Apparently stricken by the same uneasy feeling that gripped Ben, Rachael said, “Maybe this is nuts. Maybe we should just get out of here, go away somewhere.”
“And wait for Eric to recover from his injuries?”
“Maybe he won’t recover enough to function well.”
“But if he does, he’ll come looking for you.”
She sighed, nodded.
They crossed the parking lot and went into the store, hoping to buy a shotgun and some ammunition.
Something strange was happening to Eric, stranger even than his return from the dead. It started as another headache, one of the many intense migraines that had come and gone since his resurrection, and he did not immediately realize there was a difference about this one, a weirdness. He just squinted his eyes to block out some of the light that irritated him, and refused to succumb to the unrelenting and debilitating throbbing that filled his skull.
He pulled an armchair in front of the living-room window and took up a vigil, looking down through the sloping forest, along the dirt road that led up from the more heavily populated foothills nearer the lake. If enemies came for him, they would follow the lane at least part of the way up the slope before sneaking into the woods. As soon as he saw where they left the road, he would slip out of the cabin by the back door, move around through the trees, creep in behind the intruders, and take them by surprise.
He had hoped that the pounding in his head would subside a bit when he sat down and leaned back in the big comfortable chair. But it was getting much worse than anything he had experienced previously. He felt almost as if his skull were … soft as clay … and as if it were being hammered into a new shape by every fierce throb. He clenched his jaws tighter, determined to weather this new adversity.

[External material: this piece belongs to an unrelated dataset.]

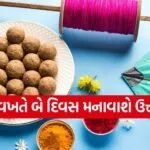 Makar Sankranti 2026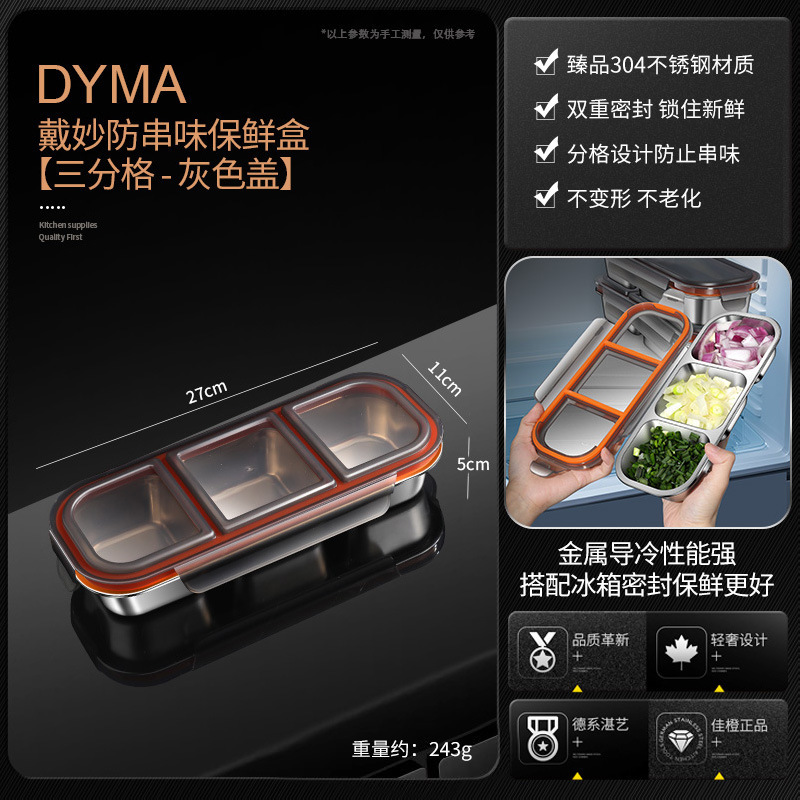 304不锈钢分格备菜盒子 密封分隔带盖保鲜盒三格火锅调料盘收纳盒|undefined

Perhaps the headache was made worse by the concentration required to study the tree-shadowed road for advancing enemies. If it became unbearable, he would have to lie down, though he was loath to leave his post. He sensed danger approaching.
He kept the ax and the two knives on the floor beside the chair. Each time he glanced down at those sharp blades, he felt not only reassured but strangely exultant. When he put his fingertips to the handle of the ax, a dark and almost erotic thrill coursed through him.
Let them come, he thought. I’ll show them Eric Leben i
s still a man to be reckoned with. Let them come.
Though he still had difficulty understanding who might be seeking him, he somehow knew that his fear was not unreasonable. Then names popped into his mind: Baresco, Seitz, Geffels, Knowls, Lewis. Yes, of course, his partners in Geneplan. They would know what he’d done. They would decide that he had to be found quickly and terminated in order to protect the secret of Wildcard. But they were not the only men he had to fear. There were others … shadowy figures he could not recall, men with more power than the partners in Geneplan.
For a moment he felt that he was about to break through a wall of mist into a clear place. He was on the verge of achieving a clarity of thought and a fullness of memory that he had not known since rising from the gurney in the morgue. He held his breath and leaned forward in his chair with tremulous anticipation. He almost had it, all of it: the identity of the other pursuers, the meaning of the mice, the meaning of the hideous image of the crucified woman that kept recurring to him …
Then the unremitting pain in his head knocked him back from the brink of enlightenment, into the mist again. Muddy currents invaded the clearing stream of his thoughts, and in a moment all was clouded as before. He let out a thin cry of frustration.
Outside, in the forest, movement caught his attention. Squinting his hot watery eyes, Eric slid forward to the chair’s edge, leaned toward the large window, peered intently at the tree-covered slope and the shadow-dappled dirt lane. No one there. The movement was simply the work of a sudden breeze that had finally broken the summer stillness. Bushes stirred, and the evergreen boughs lifted slightly, drooped, lifted, drooped, as if the trees were fanning themselves.